Their salient features and limitations/drawbacks, as I could gather, are 
summarized later below. To note is each controller varies in degree of 
complexity and addresses its own set of requirements. 

In going forward for an acceptable controller in mainline it would help, IMHO, 
if we put together the set of requirements which the Linux CPU controller 
should support. Some questions that arise in this regard are:

	- Do we need mechanisms to control CPU usage of tasks, further to what
	  already exists (like nice)?  IMO yes.

	- What are the requirements of such a CPU controller?
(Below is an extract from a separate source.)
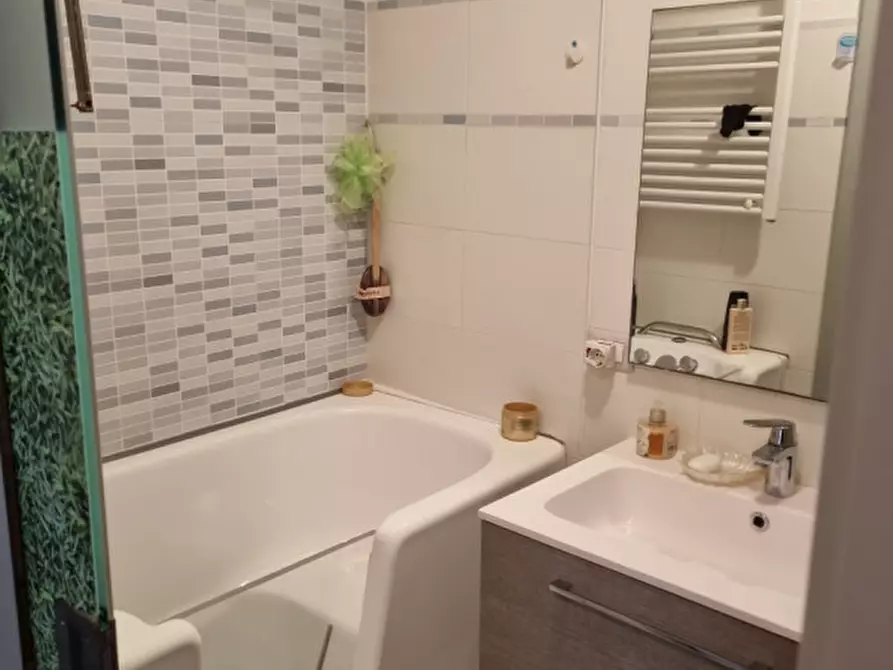 Immagine 8 di Appartamento in vendita  in Piazzetta Di San Giovanni a Commezzadura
Some of them to
	  consider are:

		- Should it operate on a per-task basis or on a per-task-group
	  	  basis?
		- Should it support more than one level of task-groups?
		- If we want to allow on a per-task-group basis, which mechanism
		  do we use for grouping tasks (Resource Groups, PAGG,
		  uid/session id ..)?
		- Should it support limit and guarantee both? In case of limit,
		  should it support both soft and hard limit?
		- What interface do we choose for user to specify
		  limit/guarantee? system call or filesystem based (ex: /proc or
		  Resource Group's rcfs)?
		- Over what interval should guarantee/limit be monitored and
		  controlled?
		- With what accuracy should we allow the limit/guarantee to be
		  expressed?
		- Co-existence with CPUset - should guarantee/limit be 
		  enforced only on the set of CPUs attached to the cpuset?
		- Should real-time tasks be outside the purview of this control?
		- Load balance to be made aware of the guarantee/limit of tasks
		  (or task-groups)? Ofcourse yes!

One possibility is to add a basic controller, that addresses some minimal
requirements, to begin with and progressively enhance it capabilities. From this
pov, both the f-series resource group controller and cpu rate-cap seem to be 
good candidates for a minimal controller to begin with.

Thoughts?

Salient features of various CPU controllers that have been proposed so far are
summarized below. I have not captured OpenVZ and Vserver controller aspects
well. Request the maintainers to fill-in!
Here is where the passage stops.